When you use Apache, the underlying permissions of the UNIX file system and the owner or group that the Apache server is being run under affect the objects that you can access and the scripts that you can run. However, when you use Windows, Internet Information Services (IIS) can access any file in the tree of the home folder for a configured Web site (in this respect, it operates as an Administrator account). The underlying Windows permissions for a folder or file are ignored. Instead, a separate mechanism in IIS allows you to control and limit the types of access that the client computer has to specific objects.

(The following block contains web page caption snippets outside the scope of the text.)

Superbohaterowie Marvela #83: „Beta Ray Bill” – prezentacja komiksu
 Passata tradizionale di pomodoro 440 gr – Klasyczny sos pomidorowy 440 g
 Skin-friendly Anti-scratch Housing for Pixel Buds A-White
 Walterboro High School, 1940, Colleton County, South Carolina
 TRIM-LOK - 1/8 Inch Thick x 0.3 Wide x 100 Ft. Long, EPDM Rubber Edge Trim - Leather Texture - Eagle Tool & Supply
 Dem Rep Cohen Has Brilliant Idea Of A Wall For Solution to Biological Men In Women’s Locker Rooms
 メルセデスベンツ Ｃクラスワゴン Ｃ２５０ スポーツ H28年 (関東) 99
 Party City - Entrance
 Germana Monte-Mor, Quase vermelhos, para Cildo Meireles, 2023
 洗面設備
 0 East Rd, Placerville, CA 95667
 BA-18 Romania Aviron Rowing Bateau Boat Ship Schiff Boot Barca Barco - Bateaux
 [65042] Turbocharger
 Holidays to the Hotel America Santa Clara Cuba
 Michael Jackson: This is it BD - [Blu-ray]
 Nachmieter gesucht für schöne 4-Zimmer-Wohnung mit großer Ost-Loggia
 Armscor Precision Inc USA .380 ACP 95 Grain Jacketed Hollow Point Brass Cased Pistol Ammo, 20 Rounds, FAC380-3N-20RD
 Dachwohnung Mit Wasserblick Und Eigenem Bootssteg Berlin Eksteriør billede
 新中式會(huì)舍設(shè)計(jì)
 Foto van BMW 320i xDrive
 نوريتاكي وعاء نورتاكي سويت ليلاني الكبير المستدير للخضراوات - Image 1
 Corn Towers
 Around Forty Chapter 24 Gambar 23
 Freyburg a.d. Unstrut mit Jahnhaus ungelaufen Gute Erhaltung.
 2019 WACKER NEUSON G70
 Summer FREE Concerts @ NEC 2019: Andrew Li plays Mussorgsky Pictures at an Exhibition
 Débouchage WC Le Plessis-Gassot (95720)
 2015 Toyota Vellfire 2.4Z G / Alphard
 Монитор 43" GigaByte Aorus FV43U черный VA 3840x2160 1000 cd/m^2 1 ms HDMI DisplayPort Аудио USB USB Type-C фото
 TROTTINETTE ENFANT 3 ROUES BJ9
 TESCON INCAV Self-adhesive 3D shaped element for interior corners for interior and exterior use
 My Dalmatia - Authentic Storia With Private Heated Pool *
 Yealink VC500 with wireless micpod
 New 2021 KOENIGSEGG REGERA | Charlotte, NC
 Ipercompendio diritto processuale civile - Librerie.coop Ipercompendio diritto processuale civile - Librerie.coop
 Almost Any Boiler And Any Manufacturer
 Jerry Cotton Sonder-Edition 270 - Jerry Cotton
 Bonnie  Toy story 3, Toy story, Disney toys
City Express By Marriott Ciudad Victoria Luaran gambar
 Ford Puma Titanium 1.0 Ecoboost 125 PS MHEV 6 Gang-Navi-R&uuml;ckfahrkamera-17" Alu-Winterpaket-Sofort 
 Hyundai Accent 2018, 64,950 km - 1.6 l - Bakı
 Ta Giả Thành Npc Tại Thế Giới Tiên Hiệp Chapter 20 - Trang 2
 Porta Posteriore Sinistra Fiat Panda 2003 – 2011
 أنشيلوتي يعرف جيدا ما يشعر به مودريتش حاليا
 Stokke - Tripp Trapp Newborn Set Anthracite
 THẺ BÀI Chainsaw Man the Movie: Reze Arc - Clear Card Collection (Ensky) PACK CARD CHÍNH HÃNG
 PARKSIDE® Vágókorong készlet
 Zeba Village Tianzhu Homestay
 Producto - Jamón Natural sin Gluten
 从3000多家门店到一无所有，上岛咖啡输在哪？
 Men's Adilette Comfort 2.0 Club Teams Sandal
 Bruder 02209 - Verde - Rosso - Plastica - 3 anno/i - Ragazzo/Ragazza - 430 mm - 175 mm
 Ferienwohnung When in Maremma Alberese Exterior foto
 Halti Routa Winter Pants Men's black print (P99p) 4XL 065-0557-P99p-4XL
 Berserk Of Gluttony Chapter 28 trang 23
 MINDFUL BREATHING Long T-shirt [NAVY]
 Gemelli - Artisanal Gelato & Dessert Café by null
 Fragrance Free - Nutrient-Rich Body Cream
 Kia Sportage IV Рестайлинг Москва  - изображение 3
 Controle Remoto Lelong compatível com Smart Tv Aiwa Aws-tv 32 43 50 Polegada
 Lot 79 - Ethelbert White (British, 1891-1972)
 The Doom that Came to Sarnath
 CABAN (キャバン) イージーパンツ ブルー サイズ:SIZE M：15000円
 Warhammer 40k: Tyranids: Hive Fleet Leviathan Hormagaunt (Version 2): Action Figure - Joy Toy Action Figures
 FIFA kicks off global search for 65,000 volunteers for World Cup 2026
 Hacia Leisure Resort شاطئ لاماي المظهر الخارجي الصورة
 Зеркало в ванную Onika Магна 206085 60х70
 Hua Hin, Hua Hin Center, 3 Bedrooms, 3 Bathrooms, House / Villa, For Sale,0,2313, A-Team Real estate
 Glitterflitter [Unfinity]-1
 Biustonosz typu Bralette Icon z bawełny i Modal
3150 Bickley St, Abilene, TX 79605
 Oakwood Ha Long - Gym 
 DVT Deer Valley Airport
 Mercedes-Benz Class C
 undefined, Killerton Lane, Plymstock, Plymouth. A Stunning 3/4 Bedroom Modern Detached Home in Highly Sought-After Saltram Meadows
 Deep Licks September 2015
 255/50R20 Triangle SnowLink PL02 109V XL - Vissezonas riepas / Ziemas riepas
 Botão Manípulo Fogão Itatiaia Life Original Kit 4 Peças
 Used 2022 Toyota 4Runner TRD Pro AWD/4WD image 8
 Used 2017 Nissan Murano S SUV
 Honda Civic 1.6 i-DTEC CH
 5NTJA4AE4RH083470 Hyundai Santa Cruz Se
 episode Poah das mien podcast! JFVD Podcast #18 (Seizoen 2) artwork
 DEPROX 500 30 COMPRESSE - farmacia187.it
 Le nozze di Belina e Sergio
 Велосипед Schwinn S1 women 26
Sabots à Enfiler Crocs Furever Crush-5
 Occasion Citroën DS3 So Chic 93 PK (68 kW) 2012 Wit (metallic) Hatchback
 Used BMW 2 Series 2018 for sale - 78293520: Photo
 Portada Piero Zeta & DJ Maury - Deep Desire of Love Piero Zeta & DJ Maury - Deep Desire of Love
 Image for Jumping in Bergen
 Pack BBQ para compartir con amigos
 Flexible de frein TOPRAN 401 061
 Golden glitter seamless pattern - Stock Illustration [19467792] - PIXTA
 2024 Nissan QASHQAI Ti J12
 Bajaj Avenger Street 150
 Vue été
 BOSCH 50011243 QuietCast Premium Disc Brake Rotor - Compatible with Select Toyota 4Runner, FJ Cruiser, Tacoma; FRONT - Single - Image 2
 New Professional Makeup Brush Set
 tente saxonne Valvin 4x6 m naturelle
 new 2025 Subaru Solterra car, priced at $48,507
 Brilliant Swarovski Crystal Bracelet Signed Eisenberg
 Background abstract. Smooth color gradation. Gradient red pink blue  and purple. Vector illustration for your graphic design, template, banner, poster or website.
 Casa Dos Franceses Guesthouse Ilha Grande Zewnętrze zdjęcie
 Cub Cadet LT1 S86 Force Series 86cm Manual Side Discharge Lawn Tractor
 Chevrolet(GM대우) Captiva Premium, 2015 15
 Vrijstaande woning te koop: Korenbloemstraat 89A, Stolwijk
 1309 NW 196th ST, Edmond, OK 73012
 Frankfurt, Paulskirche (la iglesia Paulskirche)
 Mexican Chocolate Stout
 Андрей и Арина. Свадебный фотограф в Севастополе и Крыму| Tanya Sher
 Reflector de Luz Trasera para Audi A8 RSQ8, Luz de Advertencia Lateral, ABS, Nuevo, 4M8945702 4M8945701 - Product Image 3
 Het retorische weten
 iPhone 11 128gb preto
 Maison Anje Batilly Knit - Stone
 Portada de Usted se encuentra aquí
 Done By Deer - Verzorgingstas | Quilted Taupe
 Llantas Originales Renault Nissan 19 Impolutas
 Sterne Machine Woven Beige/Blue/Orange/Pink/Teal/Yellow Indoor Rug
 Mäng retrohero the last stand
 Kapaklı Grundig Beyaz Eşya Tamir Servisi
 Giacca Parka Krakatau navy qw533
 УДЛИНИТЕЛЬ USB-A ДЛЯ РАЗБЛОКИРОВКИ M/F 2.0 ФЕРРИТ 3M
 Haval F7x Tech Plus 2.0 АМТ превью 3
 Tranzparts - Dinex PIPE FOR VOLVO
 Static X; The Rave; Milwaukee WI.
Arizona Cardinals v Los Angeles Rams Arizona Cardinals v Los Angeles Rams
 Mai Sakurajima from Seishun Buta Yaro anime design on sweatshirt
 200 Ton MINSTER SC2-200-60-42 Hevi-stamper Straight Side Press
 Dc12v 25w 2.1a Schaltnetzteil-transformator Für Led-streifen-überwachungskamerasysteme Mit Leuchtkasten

The Read permission in IIS is similar to the Read permission bit for files in Apache/UNIX. The Write permission in IIS is used only when you are using Active Server Page (ASP) scripts or Web Distributed Authoring and Versioning (WebDAV) to provide update functionality for a file; therefore, this permission is similar to the Write permission in Apache/UNIX for WebDAV only. The Execute permission in UNIX that is combined with the AddHandler directive indicates to Apache that a particular file is a script that should be run and not returned as a raw file. In IIS, Execute permissions are granted on a Web site basis or a folder basis only; you cannot enable or disable individual files as scripts in this way. However, the extension/handler combination does apply. You grant Execute permissions for a folder, and then associate an extension with a specific scripting engine.
This behavior has limitations. For example, you cannot use a blanket .cgi file name extension and rely on the UNIX header line to select the corresponding scripting language. This limitation may cause problems during migration. In this situation, you can associate the .pl file name extension for Perl scripts the .py file name extension for Python scripts.